Avant toute décision, faites une simulation fiscale détaillée pour comparer la charge immédiate (impôts et contributions sociales) et l’impact à moyen terme (fiscalité sur dividendes, imposition éventuelle lors d’une cession ultérieure des titres). Les régimes micro, réel simplifié ou réel normal modifient aussi les calculs.
Traitement comptable et obligations
Sur le plan comptable, un apport en nature est inscrit en immobilisation au bilan de la société à la valeur retenue pour l’apport ; la contrepartie est inscrite au compte de capital social. La cession de fonds conduit à comptabiliser le produit de cession et à constater les éventuelles plus-values. L’intervention d’un expert-comptable est indispensable pour établir des comptes d’ouverture, justifier les évaluations, et préparer les annexes fiscales. Les pièces justificatives (bilans, inventaires, contrats, attestations de non-condamnation) doivent être conservées et produites lors des formalités d’immatriculation et d’enregistrement.

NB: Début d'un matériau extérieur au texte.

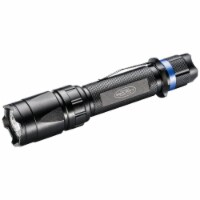 Police Security® Trac-Tact™ Elite Black Flashlight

Acteurs à mobiliser et coûts approximatifs
Plusieurs professionnels interviennent souvent : expert-comptable (évaluations, simulations, comptes), avocat ou notaire (rédaction des statuts, actes de cession), commissaire aux apports (si requis pour l’apport en nature), conseils fiscaux (optimisation et conformité). Les coûts varient grandement selon la complexité : prévoir quelques centaines à plusieurs milliers d’euros pour l’expertise comptable, un à plusieurs milliers pour le commissaire aux apports, et des frais de formalités et droits d’enregistrement selon le montant de l’opération.
Calendrier et checklist opérationnelle
- Faire un bilan complet et inventorier les éléments du patrimoine professionnel.
- Demander une simulation fiscale et sociale auprès d’un expert-comptable.
- Décider de la modalité (apport, cession, location-gérance) et rédiger les conventions.
- Si apport important, mandater un commissaire aux apports et préparer son rapport.
- Rédiger les statuts de la société et les actes de cession ou contrat de location-gérance.
- Convocation et décision formelle du chef d’entreprise (acte de transfert ou assemblée constitutive).
- Publication légale, dépôt des statuts, immatriculation au registre du commerce et des sociétés et paiement des droits éventuels.
Points de vigilance et risques fiscaux
Vérifiez l’existence de passifs non provisionnés, les dettes fiscales et sociales, les contrats en cours (salariés, baux) et les clauses de cession dans les contrats commerciaux. Un passif caché peut transférer des responsabilités importantes. Contrôlez aussi la valeur attribuée à la clientèle et aux éléments incorporels : une surévaluation peut être requalifiée en cas de contrôle. Enfin, respectez scrupuleusement les délais et conditions pour bénéficier des régimes de report ou d’exonération.
Ressources et prochaine étape
Consultez les documents officiels (BOFiP, code général des impôts) et les guides des CCI pour modèles et checklists. La prochaine étape recommandée est de programmer une simulation chiffrée avec votre expert-comptable ou avocat fiscaliste : elle déterminera la solution la plus adaptée à vos objectifs patrimoniaux et fiscaux. Une décision éclairée repose sur une projection financière et fiscale à 3-5 ans.